In Memoriam: Buddy the Opossum

humor, personal essay, small town life

YOU GUYS

As may have become clear through my posts, I live in approximately the middle of nowhere. There are bears around, and TONS of deer, and raccoons, and there are groundhogs and rabbits that live in our yard, and there is a big hole of an as-yet-unidentified animal in our front lawn.

Buddy (center) in his younger days

 

There are also opossums, which are weird little guys that play dead and carry their young around on their back and hang from trees by their tails and live their lives at night under the cover of darkness.

Well.

The opossum population now has one fewer member.

BECAUSE I HIT ONE WITH MY CAR

AGHHHHHHHHHHHHHHHHHHH

Buddy, earlier this winter, thinking over future career choices after graduating from New York Opossum University (NYOU)

There I was, just driving home in the deep, dark, black of night. We had our headlights on and were driving the requisite 30 mph. There are no streetlights because, again, we live in the middle of nowhere.

And then what should I see shining ahead of me but the GLOWING EYES OF AN INQUISITIVE OPOSSUM RIGHT IN THE MIDDLE OF THE ROAD.

 

GET OUT OF THE ROAD, OPHIE! (Buddy’s sister Ophelia, lost last year in a tragic garbage truck incident)

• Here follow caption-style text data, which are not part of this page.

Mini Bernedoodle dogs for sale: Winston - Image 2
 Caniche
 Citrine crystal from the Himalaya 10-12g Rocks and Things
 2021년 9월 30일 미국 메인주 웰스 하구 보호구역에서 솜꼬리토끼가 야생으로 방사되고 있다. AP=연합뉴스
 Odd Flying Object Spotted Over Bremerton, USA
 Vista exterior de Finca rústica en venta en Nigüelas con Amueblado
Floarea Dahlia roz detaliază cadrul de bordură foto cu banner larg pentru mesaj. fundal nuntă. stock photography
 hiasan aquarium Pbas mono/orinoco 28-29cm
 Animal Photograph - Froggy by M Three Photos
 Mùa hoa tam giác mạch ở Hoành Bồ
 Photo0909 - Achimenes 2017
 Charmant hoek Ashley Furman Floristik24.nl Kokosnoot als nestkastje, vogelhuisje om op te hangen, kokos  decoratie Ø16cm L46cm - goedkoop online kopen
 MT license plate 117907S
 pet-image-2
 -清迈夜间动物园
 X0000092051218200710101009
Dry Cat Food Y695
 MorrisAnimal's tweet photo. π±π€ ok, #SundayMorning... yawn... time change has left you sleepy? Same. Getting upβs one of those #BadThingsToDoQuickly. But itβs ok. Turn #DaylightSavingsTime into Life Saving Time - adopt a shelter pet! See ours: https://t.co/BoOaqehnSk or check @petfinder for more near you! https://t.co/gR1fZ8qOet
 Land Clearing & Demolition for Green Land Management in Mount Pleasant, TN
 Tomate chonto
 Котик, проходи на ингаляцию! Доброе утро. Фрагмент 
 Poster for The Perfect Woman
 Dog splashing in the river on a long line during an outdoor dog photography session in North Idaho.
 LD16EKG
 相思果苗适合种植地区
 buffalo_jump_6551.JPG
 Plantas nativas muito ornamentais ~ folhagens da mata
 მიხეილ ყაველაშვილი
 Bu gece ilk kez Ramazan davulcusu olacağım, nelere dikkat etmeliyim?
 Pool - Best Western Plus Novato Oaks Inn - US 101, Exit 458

There was no time to do anything but carefully center the car over it and yell, “JUST DON’T MOVE, LITTLE GUY!”**

But…

he moved.

Buddy’s graduation photo (2017)

 

And there were quite a few thumps. Sister and I screamed and stamped our feet while Brother T laughed at us and also wept.*

I hope Buddy the Opossum had a good, happy life. I hope he got lots of free rides on Mama Opossum’s back, that he played dead and tricked all his opossum friends, and that he loved hanging upside down from tree branches. I know there was some confusion at the end over whether his degree in Russian literature would come in useful, but as it turns out, it doesn’t really matter.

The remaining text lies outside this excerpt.